Sultan Qaboos bin Said Al Said, left, shakes hands with Benjamin Netanyahu while facing him. Both are smiling.
Then Oman’s Sultan Qaboos bin Said Al Said, left, greets Israeli Prime Minister Benjamin Netanyahu in Muscat, Oman, in 2018. The surprise visit was the first of its kind in more than 20 years and part of the Gulf states’ normalization of their relationship with Israel.
(Israeli Prime Minister’s Office via Associated Press)

Israel’s foreign minister said Thursday that the Gulf Arab state of Oman has decided to allow Israeli planes to fly through its airspace. The announcement was another sign of closer ties between Israel and some Arab countries.

Oman’s Civil Aviation Authority tweeted that it “affirms that the Sultanate’s airspace is open for all carriers that meet the requirements of the Authority for overflying,” without directly mentioning Israel.

The move comes on the heels last year of a similar step by Saudi Arabia, and would shorten the flying distance between Israel and Asia.


“This is a significant and historic decision for the Israeli economy and Israeli travelers,” said Foreign Minister Eli Cohen, who said there had been American involvement in the decision.

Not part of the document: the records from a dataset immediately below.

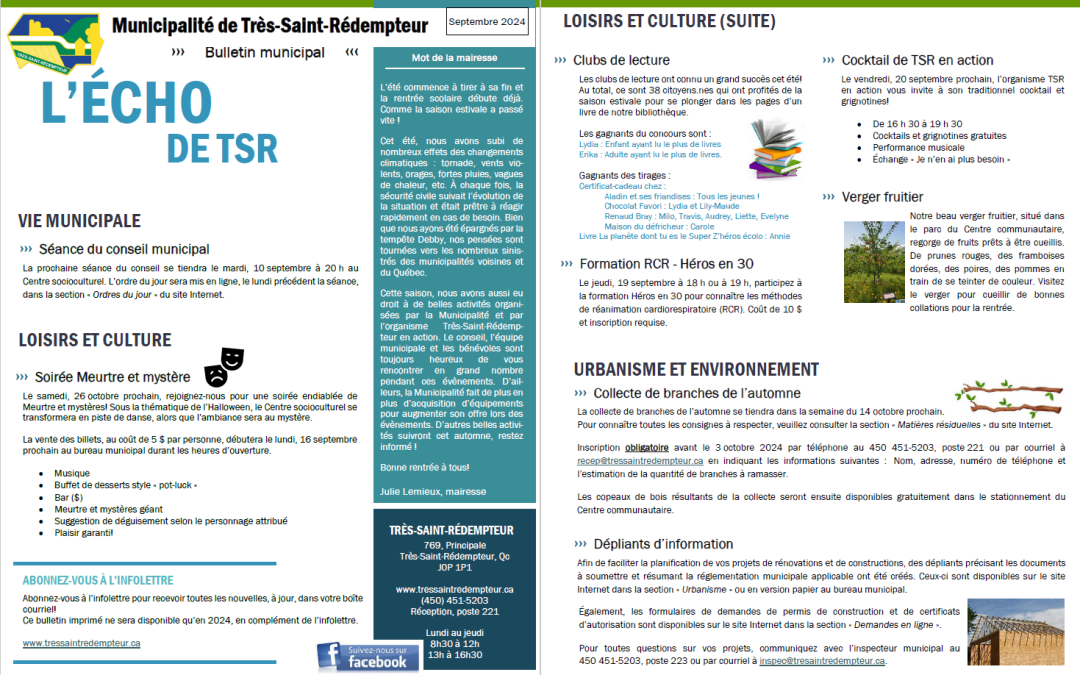 Bulletin municipal de septembre
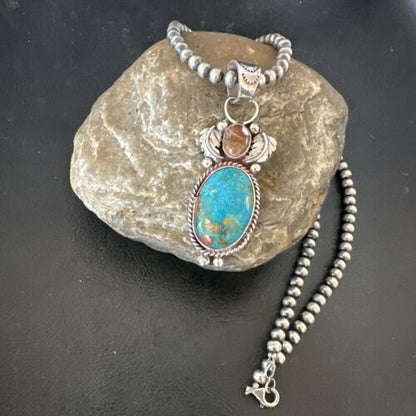 Navajo Blue Kingman Turquoise Wild Horse Necklace Pendant | Sterling Silver | Authentic Native American Handmade | 17225
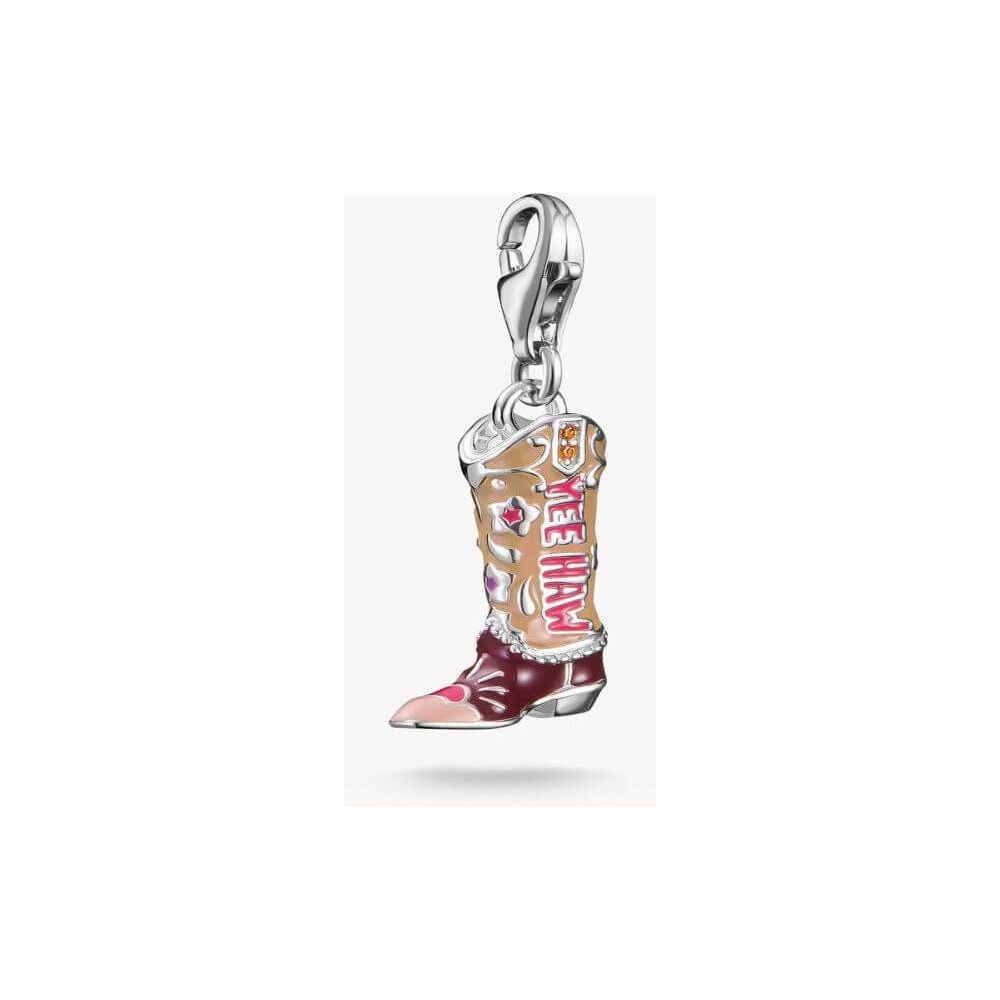 Pendentif charm botte de cowboy en argent recyclé avec empiècements colorés et inscription « Yeehaw ».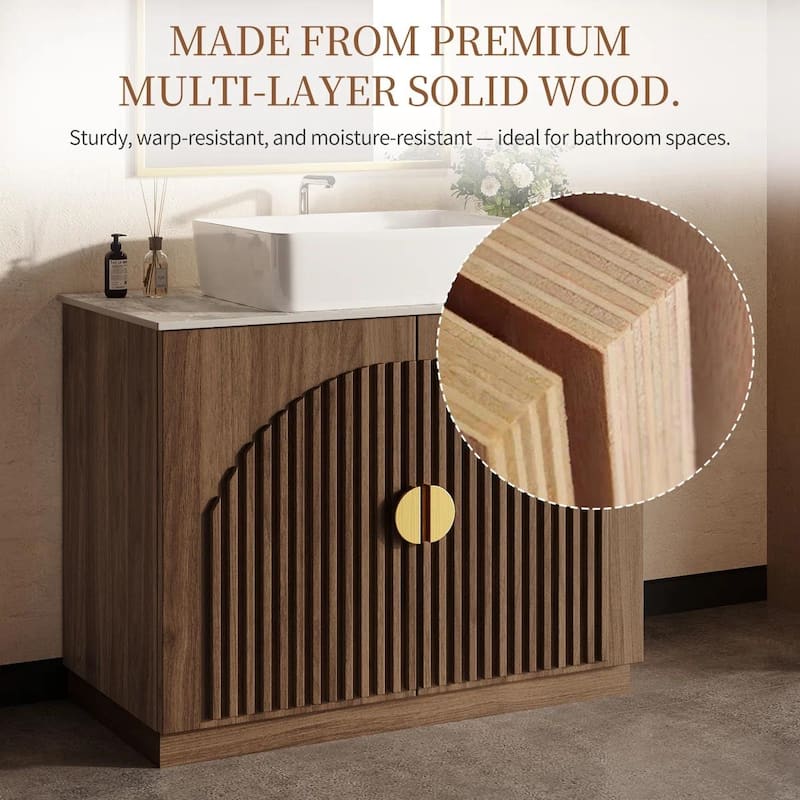 36" Mid - Century Modern Bathroom Vanity With Single Sink Grille Door & Gold Accents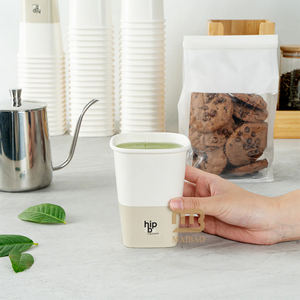 <span class=keywords><strong>Gobelet</strong></span> en <span class=keywords><strong>carton</strong></span> kraft jetable à emporter écologique biodégradable avec logo personnalisé boisson chaude froide thé café carré en papier avec <span class=keywords><strong>distributeur</strong></span> de bavette - Product Image 5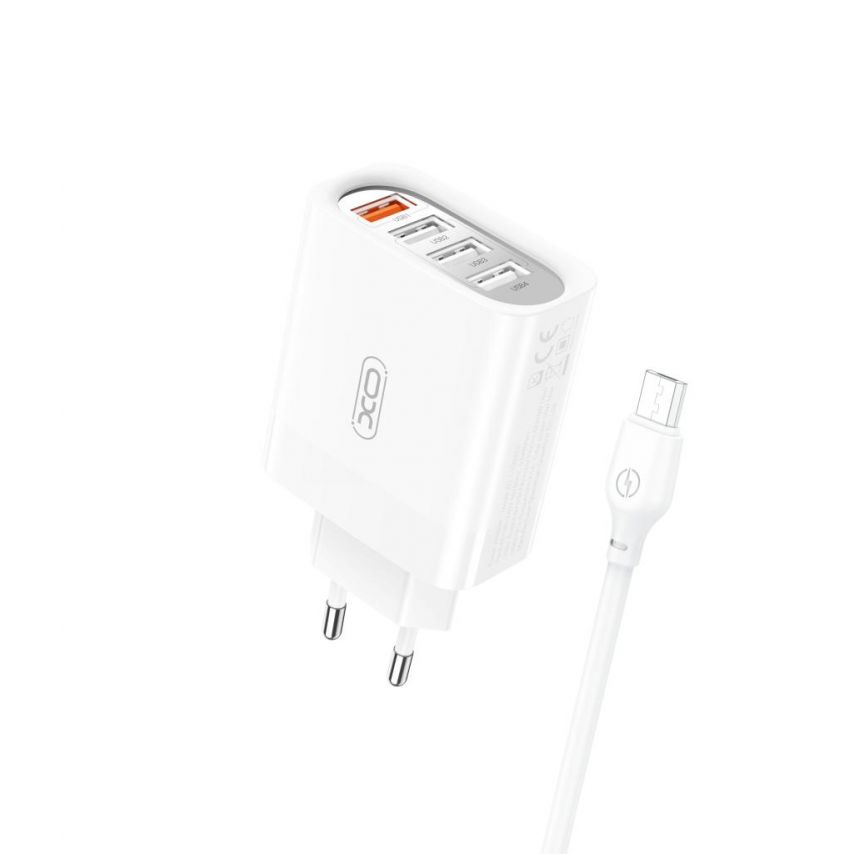 Мережевий зарядний пристрій (адаптер) XO L100 4USB / QC3.0 / 3USB_2.4A + Data Cable USB to Micro white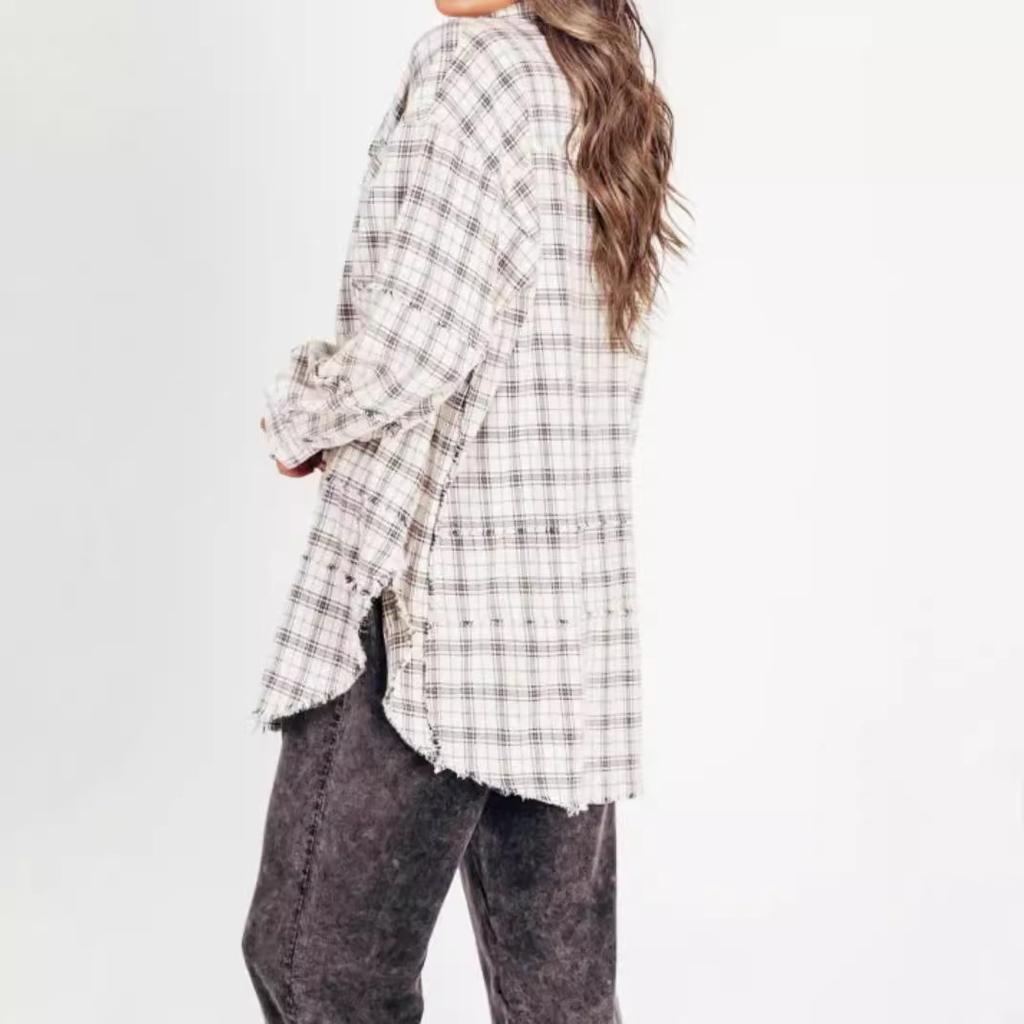 Womens Autumn and Winter Updated Style Rosted Lantern Sleeve Comfortable Fit Plaid Blouse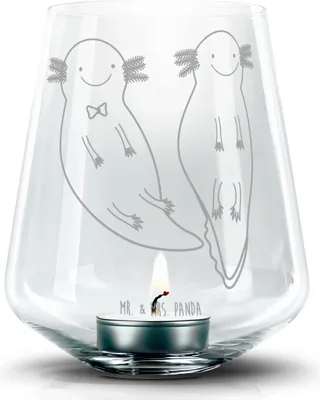 Produktbild von Mr. & Mrs. Panda Kerzenhalter Glas Axolotl Freundin - Transparent - Geschenk, Windlicht, Paar, gravur, Laterne, Teelichthalter, Liebe, Valentinstag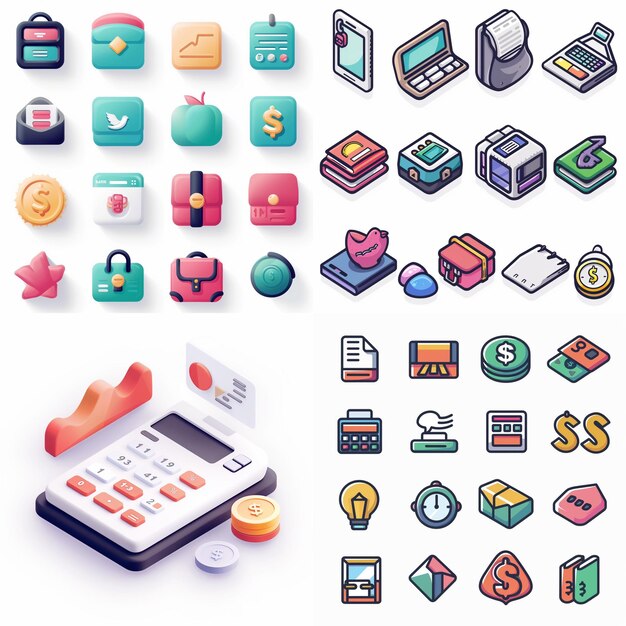 Creative Icon Set Titles for Mobile App Designs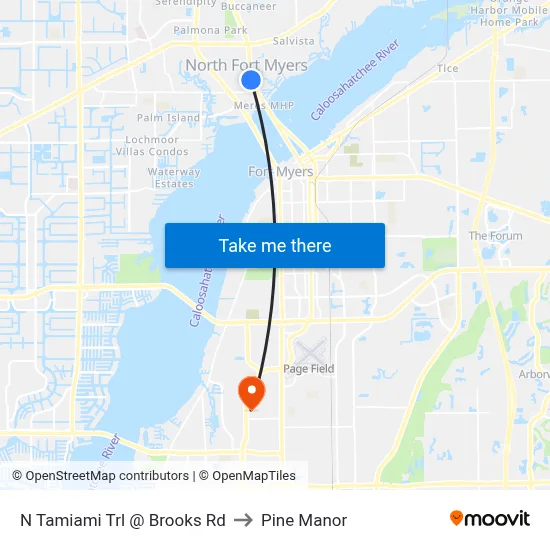 N Tamiami Trl @ Brooks Rd to Pine Manor map
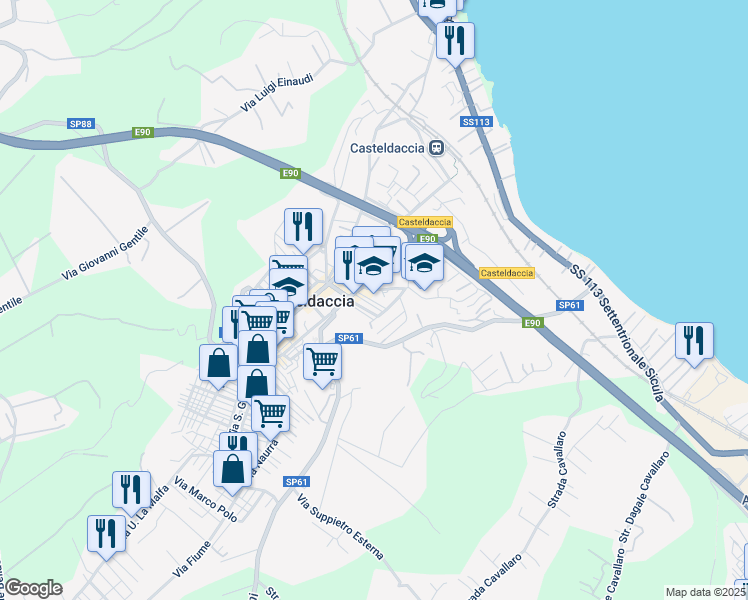 map of restaurants, bars, coffee shops, grocery stores, and more near 6 Via Giacomo Matteotti in Casteldaccia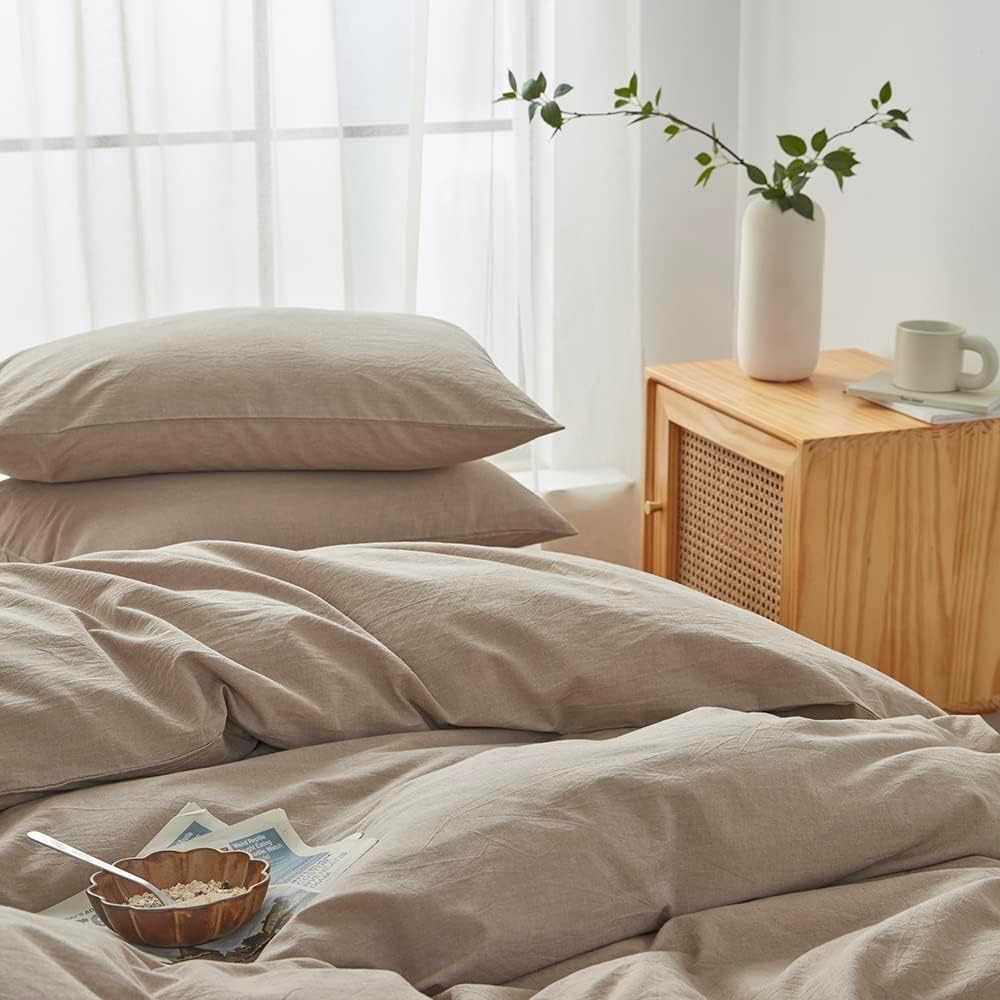 Detalle 2 de FACE TWO FACE Queen Washed Cotton Duvet Cover Set, Khaki, Linen-Like Texture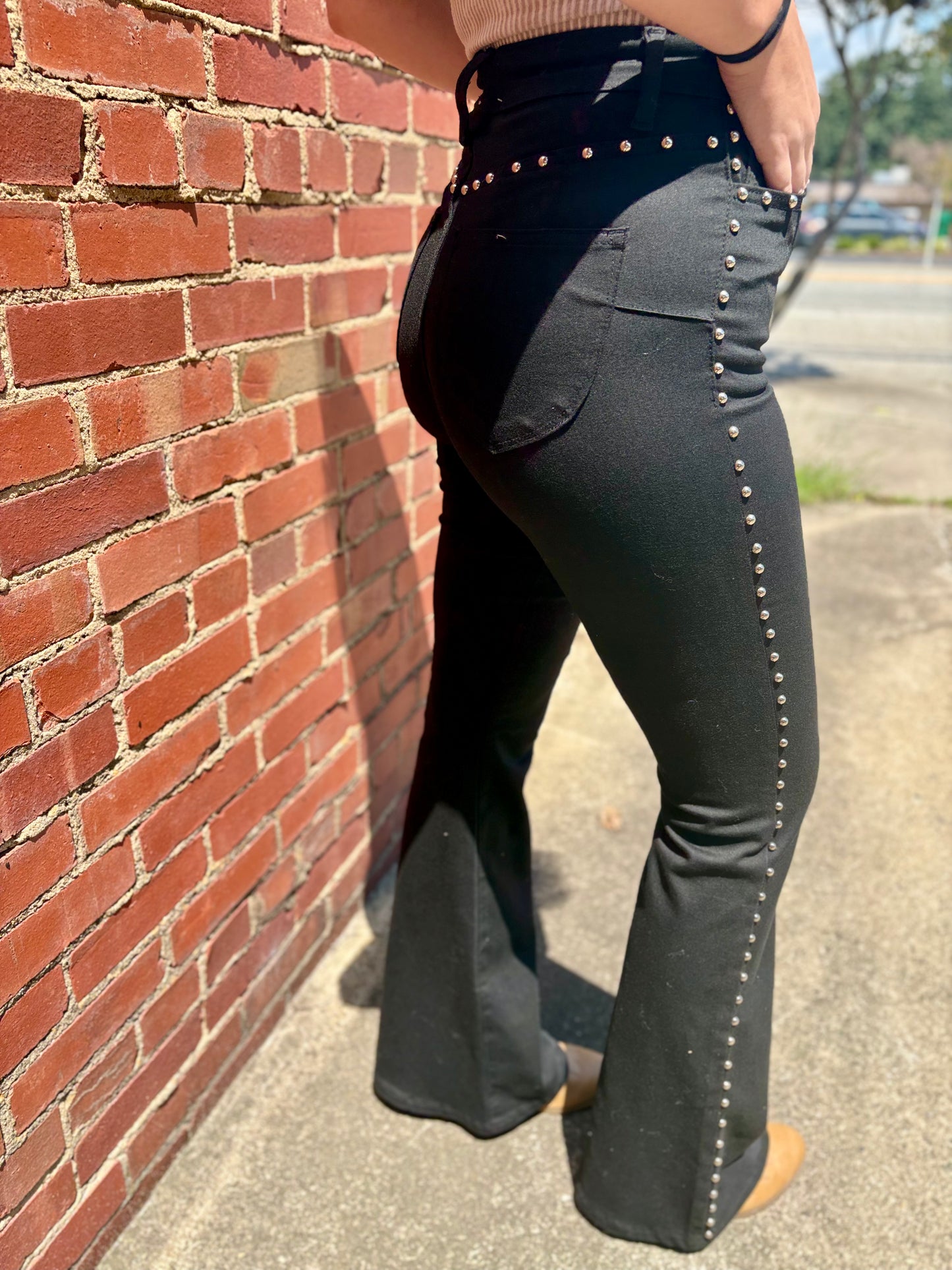 STUDDED BLACK JEANS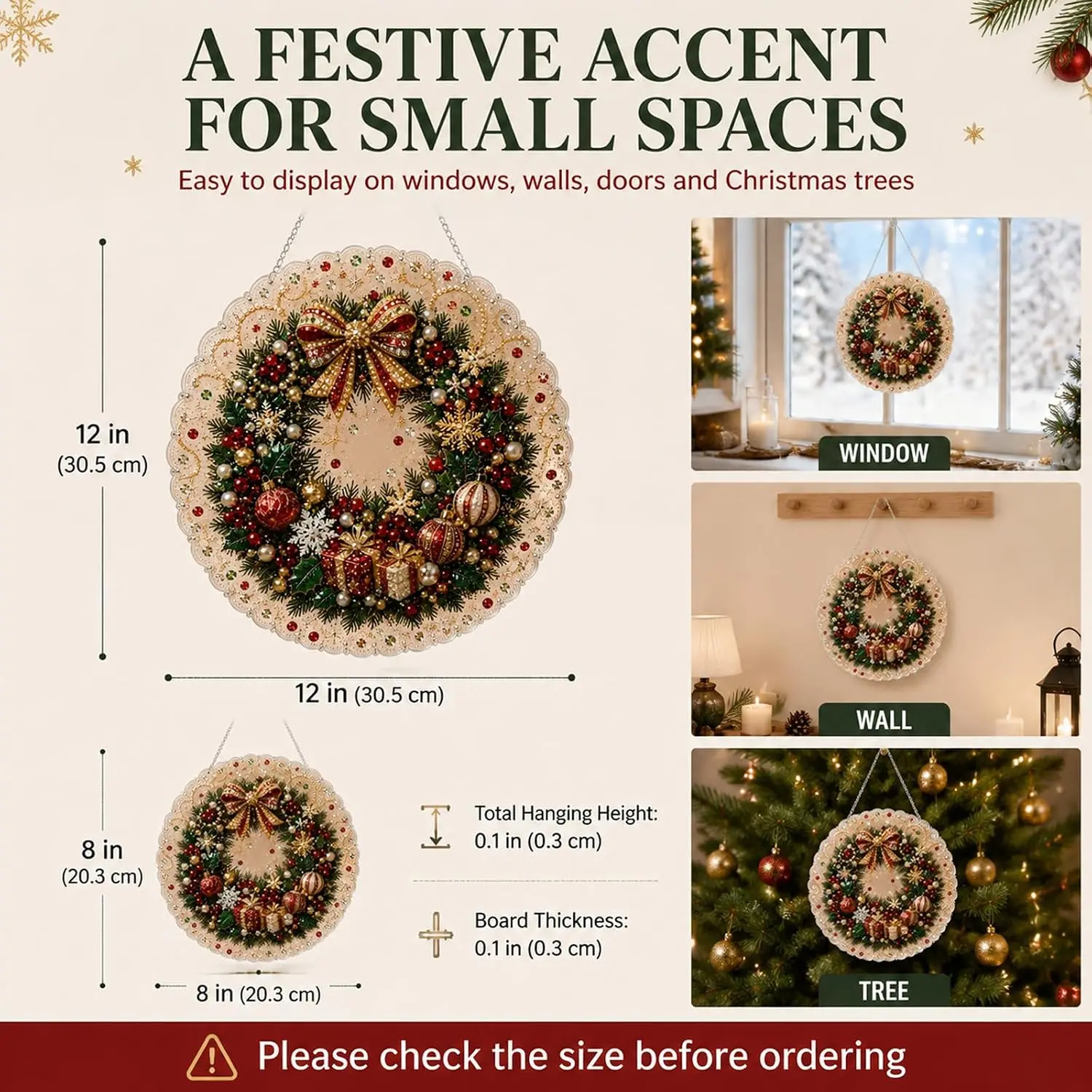 Christmas Pearl Diamond Painting Suncatcher Kit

In Washington, Adrienne Watson, the national security spokesperson, welcomed Oman’s decision, calling it a ‘’historic step’” that completes a process begun last year, during President Biden’s visit to the region “when Saudi Arabia similarly opened its airspace to all civilian planes.”

“The United States was pleased to support these efforts through months of quiet diplomatic engagement,” she said.

Oman and Israel have had secretive ties for years, which were spotlighted in 2018 when Israeli Prime Minister Benjamin Netanyahu made a surprise visit to the country, the first trip of its kind in over 20 years.

Still, Oman was not among the four countries to sign normalization deals with Israel in 2020 under U.S-brokered agreements known as the Abraham Accords. The United Arab Emirates and Bahrain, as well as Morocco and Sudan, all agreed to normalize ties with Israel as part of the deals.

The sultanate has long had a low-key role in fostering negotiations between the Israelis and Palestinians. Oman, which sits on the southeastern tip of the Arabian Peninsula, with Saudi Arabia to its north and Iran to its east, also has a long record of being a quiet broker in the region, opting to stay on the sidelines of the rivalry between the two regional powerhouses.


Oman has also served as a mediator between the United States and Israel’s arch-rival Iran. Oman hosted the secret talks that eventually led to the 2015 Iran nuclear agreement and has facilitated the release of prisoners and hostages held by armed groups.

Earlier this week, Oman welcomed Syrian President Bashar Assad on his first visit outside Syria since the earthquake there earlier this month.